Exercise instructions
Below is a set of records, and all of them should be retyped exactly, minus the pictures.

━━ Supplied material ━━

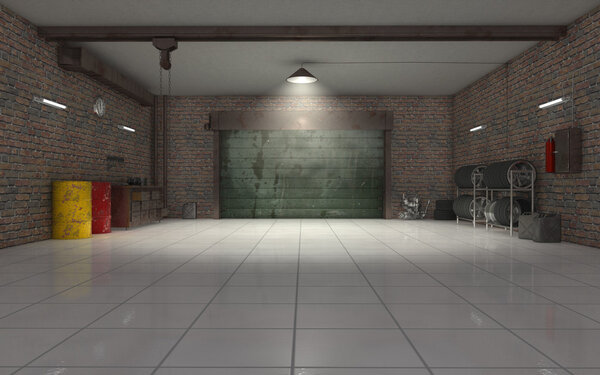 Empty Auto Repair Shop For Car Maintenance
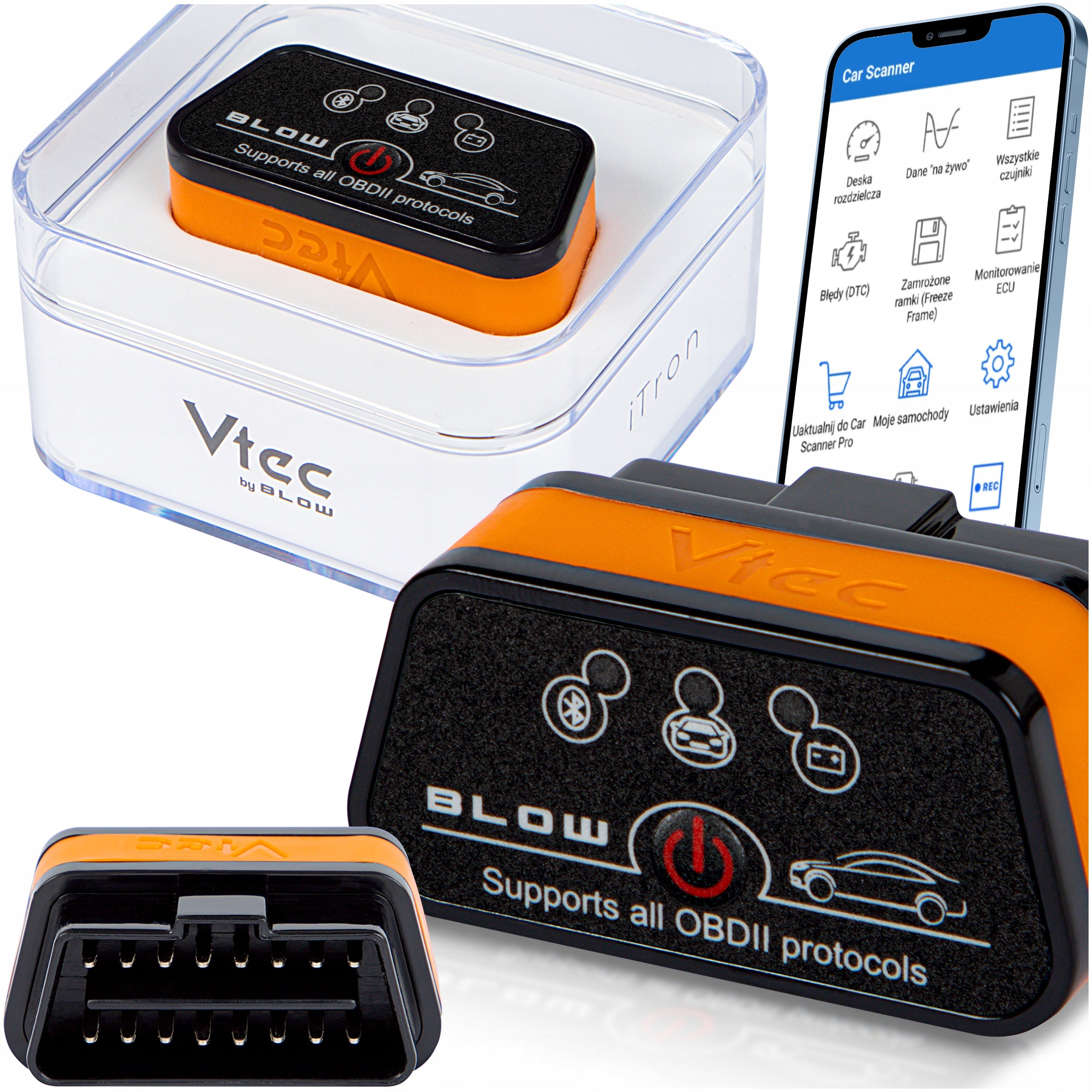OBD2 DIAGNOSTIC INTERFACE BLOW V2 ELM327 BLUETOOTH SCANNER TESTER Polish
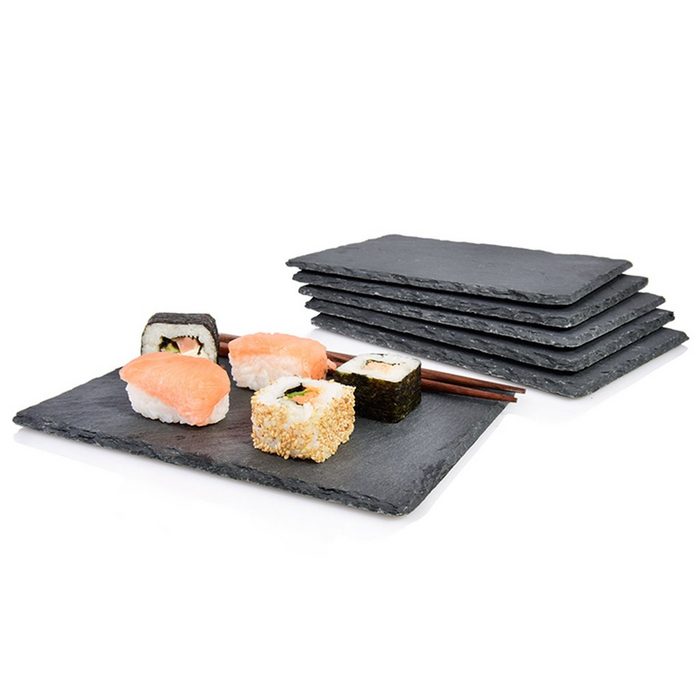 SÄNGER Servier-Set Sushi Servierplatten Schiefer (Set 6-tlg. Schieferplatten) 22x16 cm lasiert erweiterbar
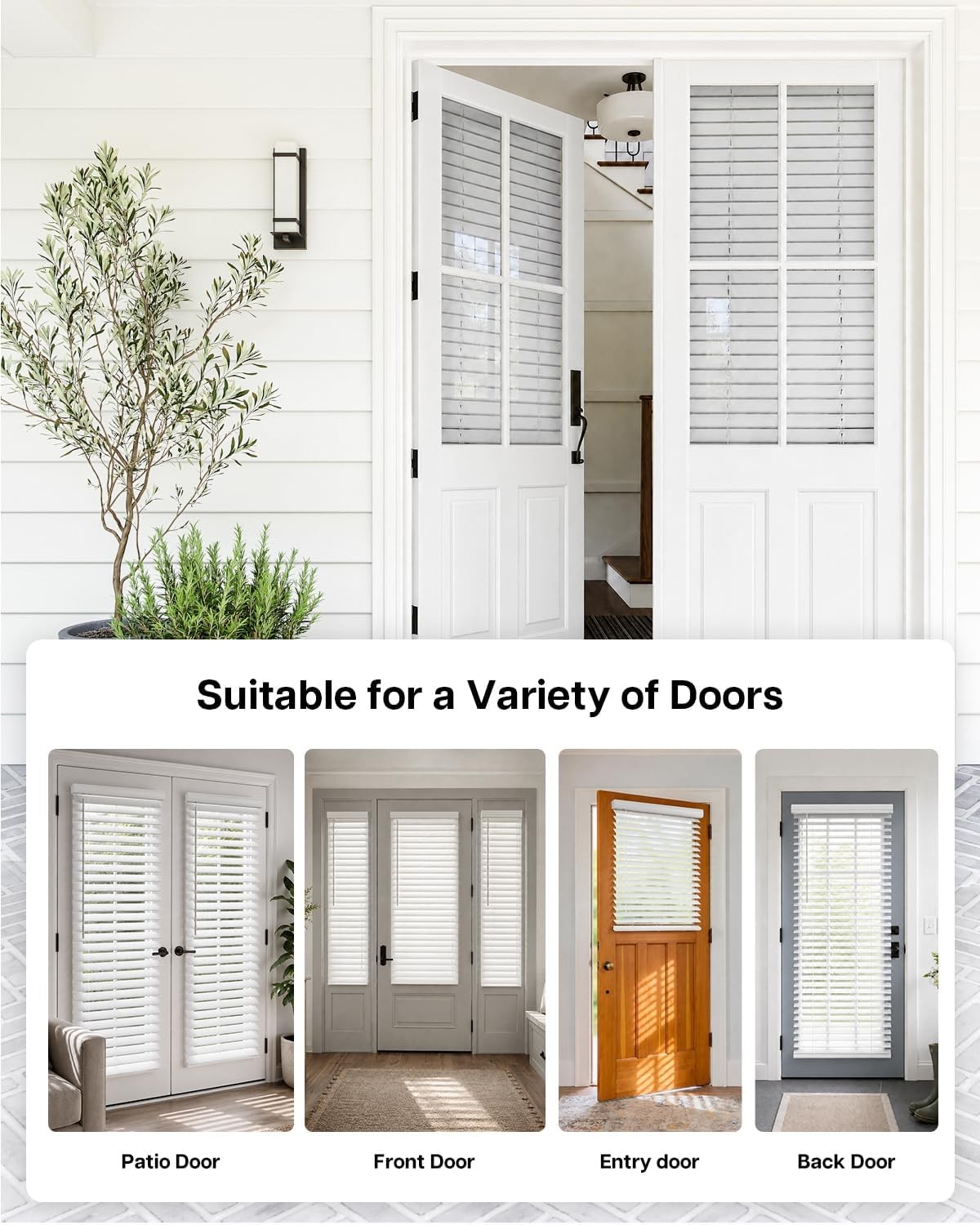 2″ Faux Wood Blinds for Doors, Cordless French Door Blinds for , Light Filtering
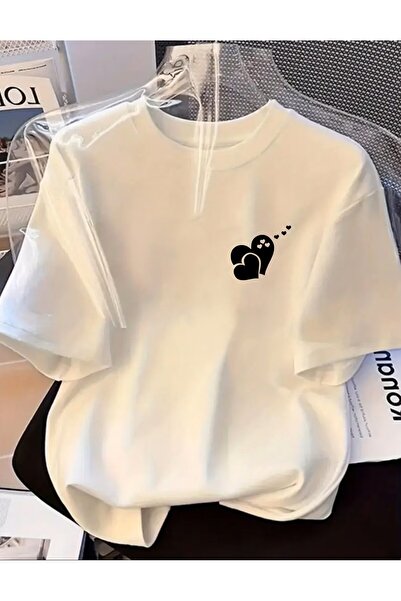 H&GHAMLEGİYİM Round Neck Casual and Comfortable Heart Print T-Shirt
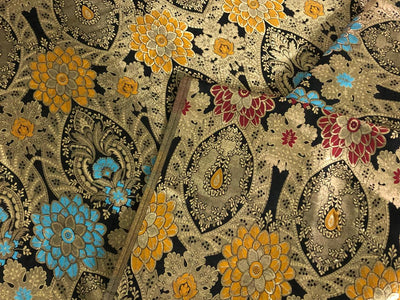 Silk Brocade Fabric BLACK ,metallic gold ,red ,blue and mustard Color 44" wide BRO775[5]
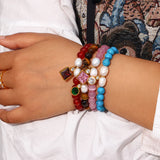 Natural Stone Beaded Bracelet Elastic Cord for Women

━━━

Response
 Empty Auto Repair Shop For Car Maintenance
OBD2 DIAGNOSTIC INTERFACE BLOW V2 ELM327 BLUETOOTH SCANNER TESTER Polish
 SÄNGER Servier-Set Sushi Servierplatten Schiefer (Set 6-tlg. Schieferplatten) 22x16 cm lasiert erweiterbar
 2″ Faux Wood Blinds for Doors, Cordless French Door Blinds for , Light Filtering
 H&GHAMLEGİYİM Round Neck Casual and Comfortable Heart Print T-Shirt
 Silk Brocade Fabric BLACK ,metallic gold ,red ,blue and mustard Color 44" wide BRO775[5]
 Natural Stone Beaded Bracelet Elastic Cord for Women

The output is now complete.